Monday, July 27, 2020
Today I am grateful for grand-kittens. Both of our local sons and families have new kittens. One has one, the other has two. It’s like a study in hairballs! But what fun.
We had the opportunity to check out Misty at our son and his wife’s anniversary party. She’s a hoot, rolling and wrestling with Winnie, their cockapoo, like they were siblings. Unfortunately, their existing cat, Tacocat, (spelled the same backwards and forwards), is not happy. She likes being outside anyway and is now dramatically telling all of the feral animals how horrible her life has become since the new kitten arrived. She comes in the house to eat, take a few swipes at the kitten, and hide before sneaking out again.
There are two new kittens at the other house and they are a tag team of destruction. We saw them when visiting a granddaughter who is house sitting for her dad.

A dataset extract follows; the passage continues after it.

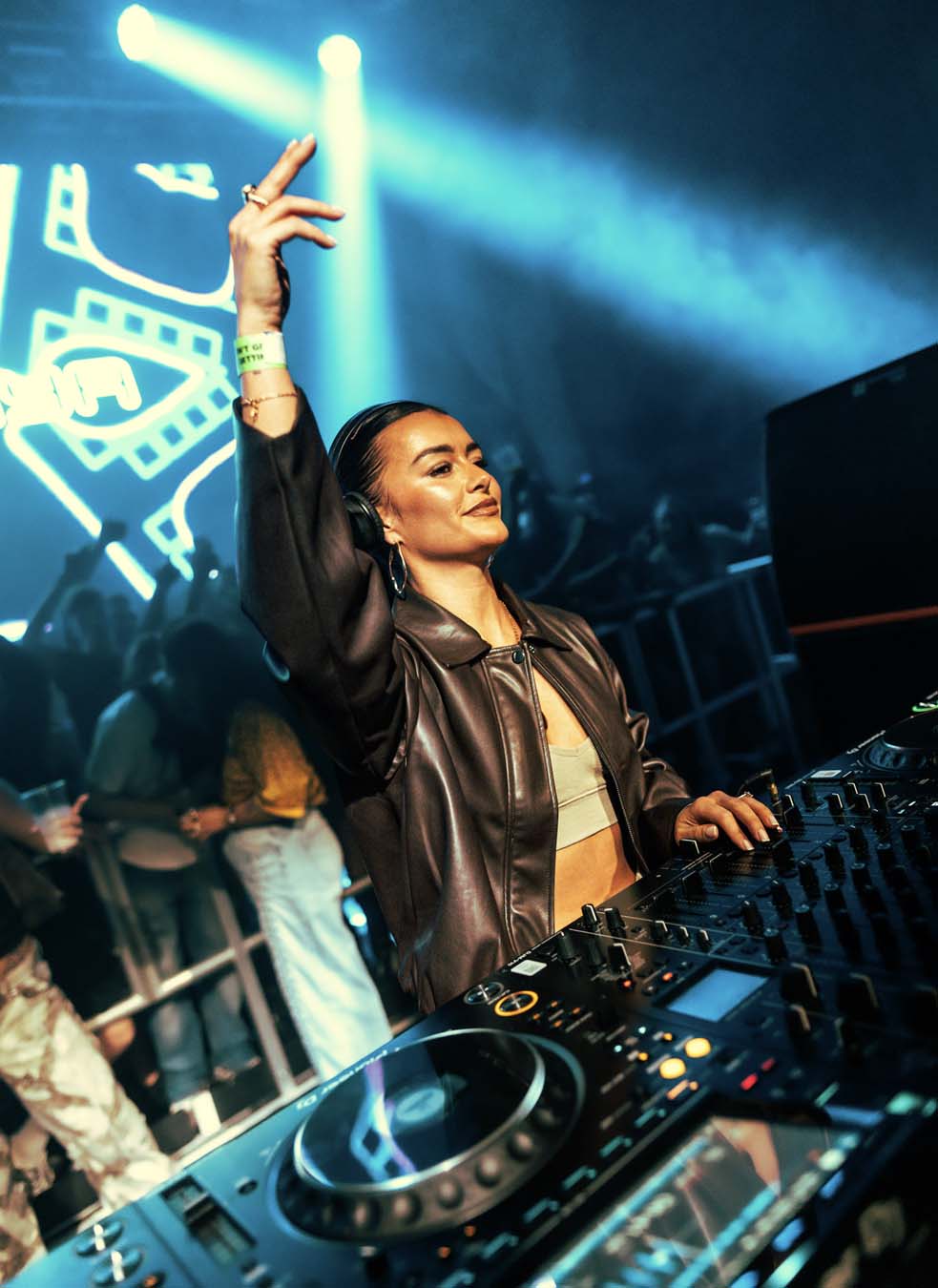 DJ at a concert with crowd and lights in the background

Watching them was way more exciting that TV and less stressful.
Growing up we had hundreds of kittens, so I know how they play, rolling and nipping at their buddies necks and kicking the other guy in the guts. That’s how these kittens play. Like the siblings they are. Like my sons used to, only without the subsequent stitches. So far.
But old Ruby, a beautiful gray tabby, whom we have kept here in the past, is not a fan. She loves Himself and loves being brushed, but could barely sit still for it because she was flipping out at those kitten intruders. She sleeps with one eye open, hissing and taking a swing at them if one ventures too close. Like human toddlers, they are barely phased and push her every second.
Since their nemesis, the four-year-old granddaughter wasn’t there to love them to distraction, they seem to have gotten bolder, leaping on the dining room table, surfing the cloth to the ground and sharpening their claws on the rug. I scolded. They looked at me just like a toddler does. Then they did it again. I slapped the table and the stopped. For two seconds, then practically gave me the finger with their paws.
I thought they were settling down when Daisy, probably egged on by Oliver, came charging from the dining room, through the living room and leaped in one motion, like she had been projected from a dart gun, to land hanging in the middle of the sheer curtains on the front window. Wow. Too fast to even scold.
It’s so much fun having new grand-kittens. But I’m glad I’m not living with them full-time. Just watching them leaves me exhausted.